Murder as order
The Ugandan government quells public unrest with violence. What won't it do in the name of "security"?
In all too familiar scene, a number of Ugandan civilians were shot dead by men with guns (some in uniform) in the process of the National Resistance Army/Movement (NRA/M) government quelling public unrest in various locations around the country in mid-November. The disturbances, which mainly took the form of wananchi blocking highways with burning barricades, some stone-throwing, and also the emergence into broad daylight of muggers and highway robbers, had erupted because of the arrest and detention of the popular opposition presidential candidate Robert Kyagulanyi (aka Bobi Wine) and continued after a fashion until he was produced in court some six days later.
This is not to say that the reported sixty or so fatalities (and many more injured), largely from gunshots, were actively involved in the rioting.

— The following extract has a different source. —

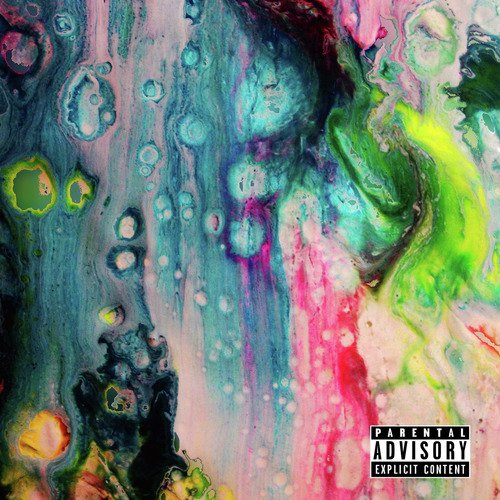 On and On cover art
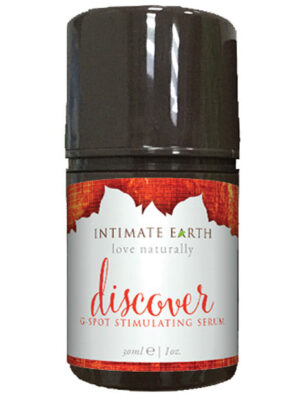 Intimate Earth Discover G-Spot Gel - 30 ml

Neither is it to say it should be an acceptable method of stopping mass disturbances.
The best indications of how willfully random these shootings were are the oldest and the youngest shooting victims, both in Kampala city: Amos Segawa was a 15-year-old schoolboy who was killed while standing next to his mother while she locked up her shop as they prepared to leave town; John Kitobe, a 72-year-old retired former accountant and academic, who happened to be in town on personal business, was shot as he made his way out of an office building towards his car.
The intention was clear: deadly collective punishment in a deliberate act of mass intimidation in the name of “security.” This was a continuing fulfilment of a 2016 promise made by the Secretary General of the NRM party, one Justine Kasule Lumumba, to a restive population back then: “The state will kill your children,” she stated in a public speech to parents about the then post-election demonstrations. We now know that she meant their grandparents as well.
But this is completely normal. And that is the tragedy of Uganda’s politics. It is also the ultimate triumph of the NRA/M as an organization: to have seduced the country into mistaking the political value of security for valuable politics itself.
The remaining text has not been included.